## Input records
····················
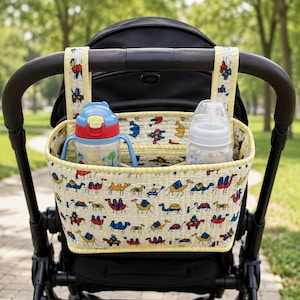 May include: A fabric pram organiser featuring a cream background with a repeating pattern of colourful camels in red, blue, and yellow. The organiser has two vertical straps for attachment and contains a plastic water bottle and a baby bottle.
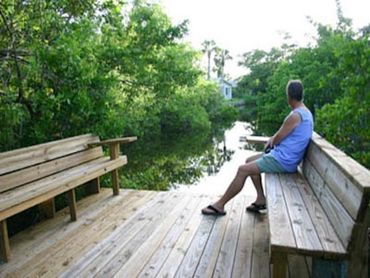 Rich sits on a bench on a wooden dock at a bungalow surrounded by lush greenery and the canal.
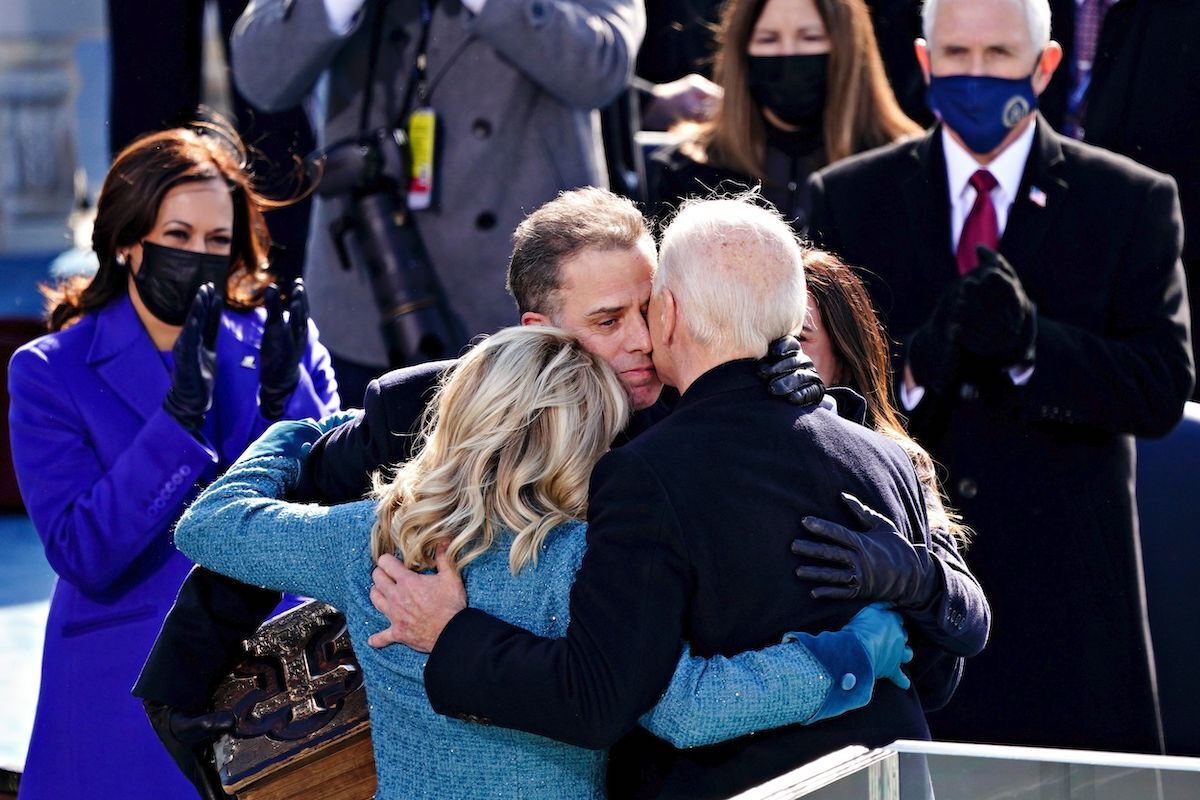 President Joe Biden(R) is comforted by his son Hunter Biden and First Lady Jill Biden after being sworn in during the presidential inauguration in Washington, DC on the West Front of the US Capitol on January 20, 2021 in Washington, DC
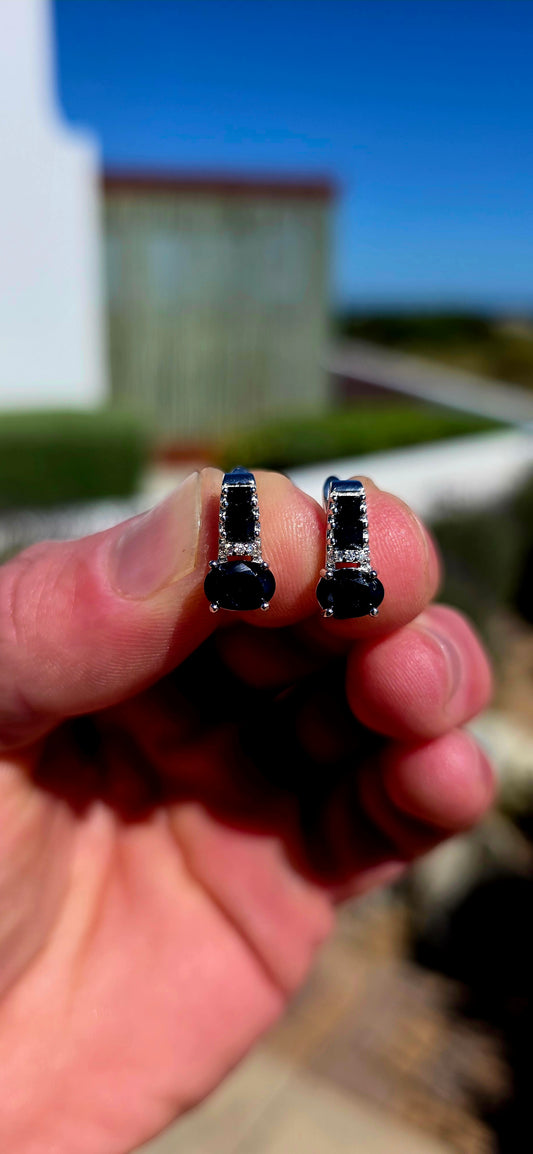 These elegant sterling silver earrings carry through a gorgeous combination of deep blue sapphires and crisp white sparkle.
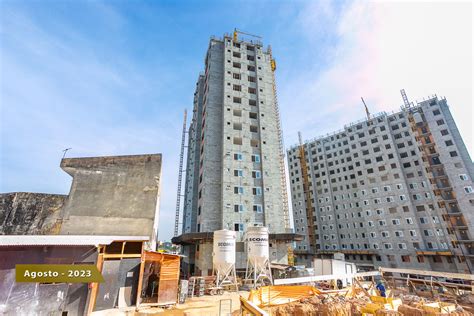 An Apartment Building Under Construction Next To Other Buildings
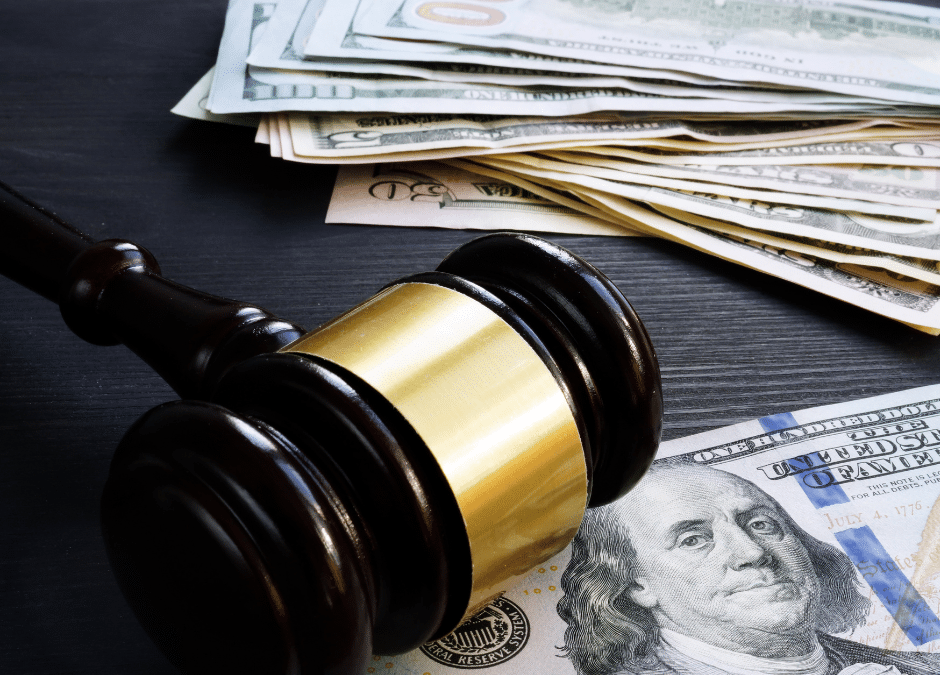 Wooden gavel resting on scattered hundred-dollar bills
····················
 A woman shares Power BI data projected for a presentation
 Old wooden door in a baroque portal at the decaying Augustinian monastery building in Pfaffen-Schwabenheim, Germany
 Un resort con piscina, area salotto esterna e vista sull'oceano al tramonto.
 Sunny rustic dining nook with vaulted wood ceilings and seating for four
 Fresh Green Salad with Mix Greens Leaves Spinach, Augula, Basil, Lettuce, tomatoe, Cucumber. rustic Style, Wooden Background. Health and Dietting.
····················
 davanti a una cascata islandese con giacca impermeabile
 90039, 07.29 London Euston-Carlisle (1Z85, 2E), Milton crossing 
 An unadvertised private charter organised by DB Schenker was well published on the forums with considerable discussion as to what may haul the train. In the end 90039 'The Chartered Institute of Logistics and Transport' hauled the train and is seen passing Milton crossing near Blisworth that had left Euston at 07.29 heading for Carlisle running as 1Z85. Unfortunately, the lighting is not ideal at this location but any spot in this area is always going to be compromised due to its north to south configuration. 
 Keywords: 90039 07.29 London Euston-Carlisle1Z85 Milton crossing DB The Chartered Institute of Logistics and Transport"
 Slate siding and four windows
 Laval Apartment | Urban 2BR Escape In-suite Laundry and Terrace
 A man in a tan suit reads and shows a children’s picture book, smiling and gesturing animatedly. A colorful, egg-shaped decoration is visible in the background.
····················
Across the listing above, find all lines where the word "four" is present and copy them.

 Sunny rustic dining nook with vaulted wood ceilings and seating for four
 Slate siding and four windows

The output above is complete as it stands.